This is the 1.0 distribution of the Stanford Natural Language Inferece (SNLI) Corpus.

If you use this corpus, please cite this paper: 

	http://nlp.stanford.edu/pubs/snli_paper.pdf

	Samuel R. Bowman, Gabor Angeli, Christopher Potts, and Christopher D. Manning. 2015.
	A large annotated corpus for learning natural language inference. 
	Proceedings of the 2015 Conference on Empirical Methods in Natural Language Processing (EMNLP).
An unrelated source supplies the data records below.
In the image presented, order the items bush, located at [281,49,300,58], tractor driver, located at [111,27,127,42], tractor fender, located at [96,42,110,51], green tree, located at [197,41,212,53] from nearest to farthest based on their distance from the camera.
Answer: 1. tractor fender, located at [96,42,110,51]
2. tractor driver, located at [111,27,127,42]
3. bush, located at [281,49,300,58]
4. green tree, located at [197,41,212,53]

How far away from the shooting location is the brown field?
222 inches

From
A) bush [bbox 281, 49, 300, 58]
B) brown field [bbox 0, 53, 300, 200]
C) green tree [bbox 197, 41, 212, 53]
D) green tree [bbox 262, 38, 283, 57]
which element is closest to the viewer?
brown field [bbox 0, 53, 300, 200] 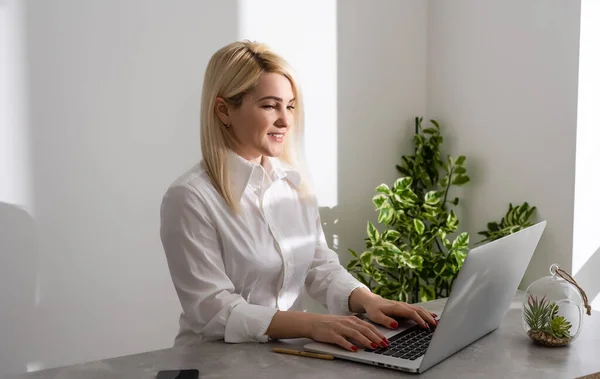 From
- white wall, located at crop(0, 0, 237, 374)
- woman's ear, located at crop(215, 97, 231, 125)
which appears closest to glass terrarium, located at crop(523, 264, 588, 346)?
woman's ear, located at crop(215, 97, 231, 125)

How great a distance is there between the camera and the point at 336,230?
3576mm

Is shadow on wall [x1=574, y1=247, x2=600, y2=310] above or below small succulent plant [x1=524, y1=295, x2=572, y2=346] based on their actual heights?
below

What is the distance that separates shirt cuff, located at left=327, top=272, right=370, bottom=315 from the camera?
205 cm

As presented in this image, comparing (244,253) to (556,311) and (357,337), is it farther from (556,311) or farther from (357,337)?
(556,311)

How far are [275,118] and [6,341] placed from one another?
5.04ft

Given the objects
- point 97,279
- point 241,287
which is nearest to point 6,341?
point 97,279

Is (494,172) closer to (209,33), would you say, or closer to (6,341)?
(209,33)

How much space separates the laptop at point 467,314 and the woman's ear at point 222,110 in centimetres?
75

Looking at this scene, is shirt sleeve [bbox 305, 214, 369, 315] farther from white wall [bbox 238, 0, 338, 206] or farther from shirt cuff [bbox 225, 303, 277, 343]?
white wall [bbox 238, 0, 338, 206]

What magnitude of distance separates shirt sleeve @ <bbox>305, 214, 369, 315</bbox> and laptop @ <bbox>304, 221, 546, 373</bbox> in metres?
0.27

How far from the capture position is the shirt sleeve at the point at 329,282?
2.06 meters

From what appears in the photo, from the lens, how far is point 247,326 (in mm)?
1737

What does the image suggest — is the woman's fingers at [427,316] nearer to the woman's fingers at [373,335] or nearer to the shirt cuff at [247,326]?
the woman's fingers at [373,335]

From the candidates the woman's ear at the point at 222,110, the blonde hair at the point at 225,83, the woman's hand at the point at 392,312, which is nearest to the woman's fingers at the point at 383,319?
the woman's hand at the point at 392,312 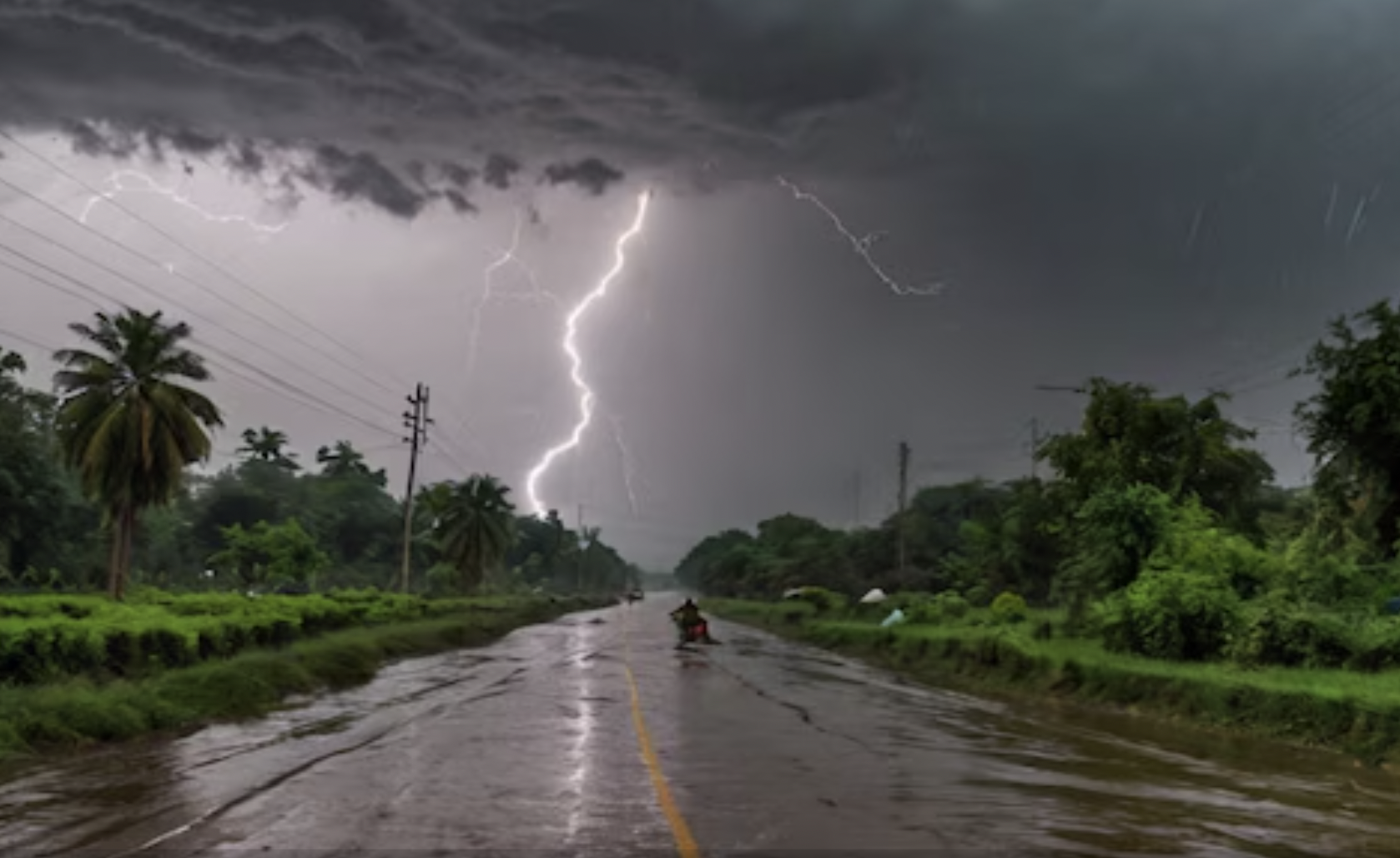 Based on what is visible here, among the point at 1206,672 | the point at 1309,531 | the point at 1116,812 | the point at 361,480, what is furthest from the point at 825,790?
the point at 361,480

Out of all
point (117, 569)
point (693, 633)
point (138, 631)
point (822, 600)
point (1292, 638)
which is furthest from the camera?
point (822, 600)

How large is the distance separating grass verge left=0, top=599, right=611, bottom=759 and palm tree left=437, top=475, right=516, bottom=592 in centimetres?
6107

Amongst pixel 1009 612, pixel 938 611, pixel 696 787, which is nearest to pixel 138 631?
pixel 696 787

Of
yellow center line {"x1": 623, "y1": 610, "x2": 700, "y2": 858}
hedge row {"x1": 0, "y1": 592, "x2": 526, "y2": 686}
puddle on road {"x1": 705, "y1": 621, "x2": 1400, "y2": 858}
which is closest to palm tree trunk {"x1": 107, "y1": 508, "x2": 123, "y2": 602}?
hedge row {"x1": 0, "y1": 592, "x2": 526, "y2": 686}

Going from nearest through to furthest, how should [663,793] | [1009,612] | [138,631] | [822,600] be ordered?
[663,793], [138,631], [1009,612], [822,600]

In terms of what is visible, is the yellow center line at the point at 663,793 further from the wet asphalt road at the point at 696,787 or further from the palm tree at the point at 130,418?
the palm tree at the point at 130,418

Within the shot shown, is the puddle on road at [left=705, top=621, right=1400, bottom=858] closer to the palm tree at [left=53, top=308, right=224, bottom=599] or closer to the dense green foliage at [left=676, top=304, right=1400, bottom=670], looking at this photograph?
the dense green foliage at [left=676, top=304, right=1400, bottom=670]

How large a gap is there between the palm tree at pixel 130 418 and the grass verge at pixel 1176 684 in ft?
89.7

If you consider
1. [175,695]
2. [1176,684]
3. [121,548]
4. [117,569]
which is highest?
[121,548]

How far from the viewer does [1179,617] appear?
2322 centimetres

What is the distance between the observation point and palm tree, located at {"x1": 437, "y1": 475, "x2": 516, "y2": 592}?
91812 mm

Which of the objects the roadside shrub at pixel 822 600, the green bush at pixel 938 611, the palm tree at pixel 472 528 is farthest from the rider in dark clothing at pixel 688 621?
the palm tree at pixel 472 528

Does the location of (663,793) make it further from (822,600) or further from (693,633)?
(822,600)

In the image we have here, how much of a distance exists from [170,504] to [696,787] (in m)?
40.9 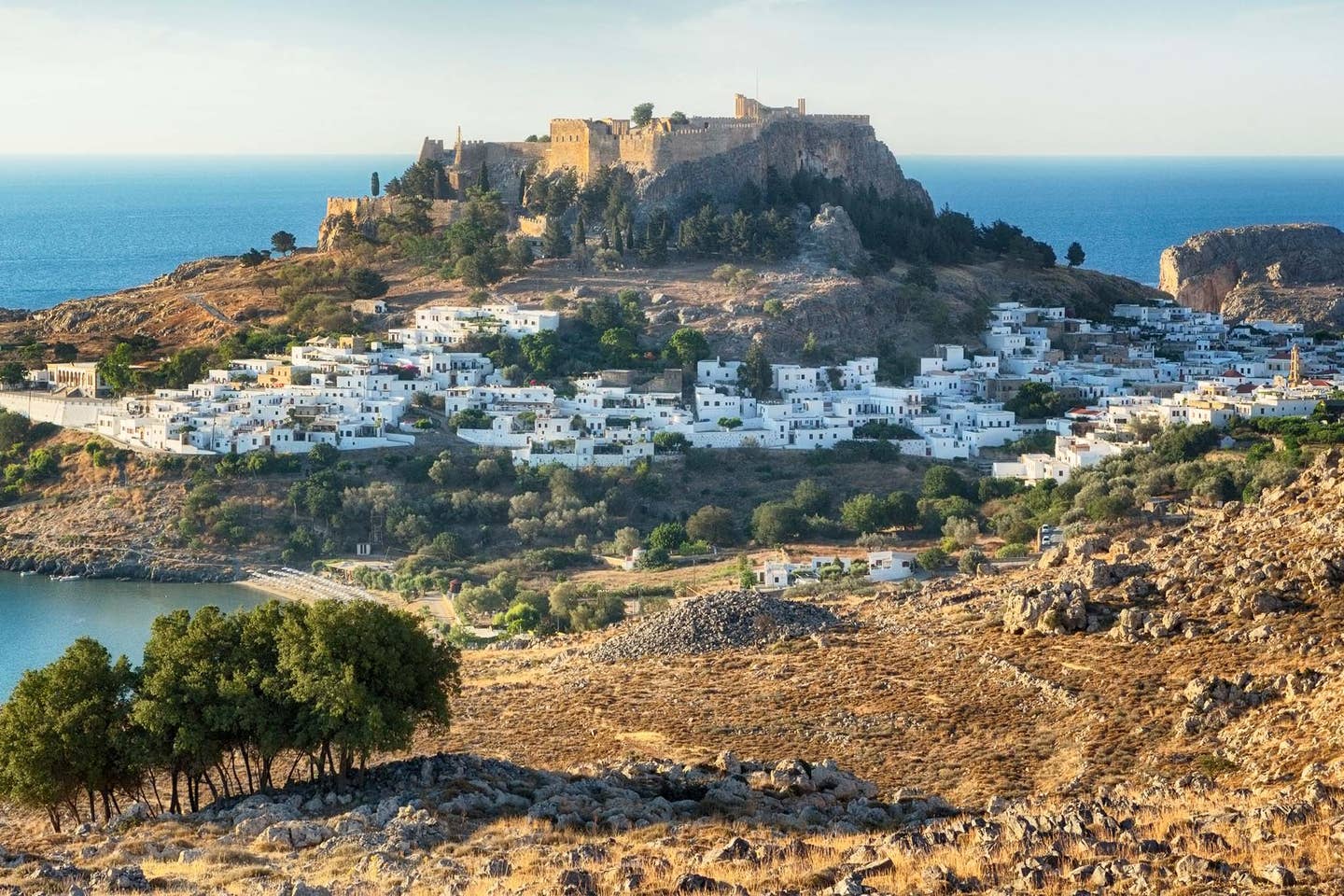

	@inproceedings{snli:emnlp2015,
		Author = {Bowman, Samuel R. and Angeli, Gabor and Potts, Christopher, and Manning, Christopher D.},
		Booktitle = {Proceedings of the 2015 Conference on Empirical Methods in Natural Language Processing (EMNLP)},
		Publisher = {Association for Computational Linguistics},
		Title = {A large annotated corpus for learning natural language inference},
		Year = {2015}}

Contact: sbowman@stanford.edu

Project page: http://nlp.stanford.edu/projects/snli/


== Fields ==

sentence1: The premise caption that was supplied to the author of the pair.

sentence2: The hypothesis caption that was written by the author of the pair.

sentence{1,2}_parse: The parse produced by the Stanford Parser (3.5.2, case insensitive PCFG, trained on the standard training set augmented with the parsed Brown Corpus) in Penn Treebank format.

sentence{1,2}_binary_parse: The same parse as in sentence{1,2}_parse, but formatted for use in tree-structured neural networks with no unary nodes and no labels.

annotator_labels (label1-5 in the tab separated file): These are all of the individual labels from annotators in phases 1 and 2. The first label comes from the phase 1 author, and is the only label for examples that did not undergo phase 2 annotation. In a few cases, the one of the phase 2 labels may be blank, indicating that an annotator saw the example but could not annotate it.

gold_label: This is the label chosen by the majority of annotators. Where no majority exists, this is '-', and the pair should not be included when evaluating hard classification accuracy.

captionID: A unique identifier for each sentence1 from the original Flickr30k example.

pairID: A unique identifier for each sentence1--sentence2 pair.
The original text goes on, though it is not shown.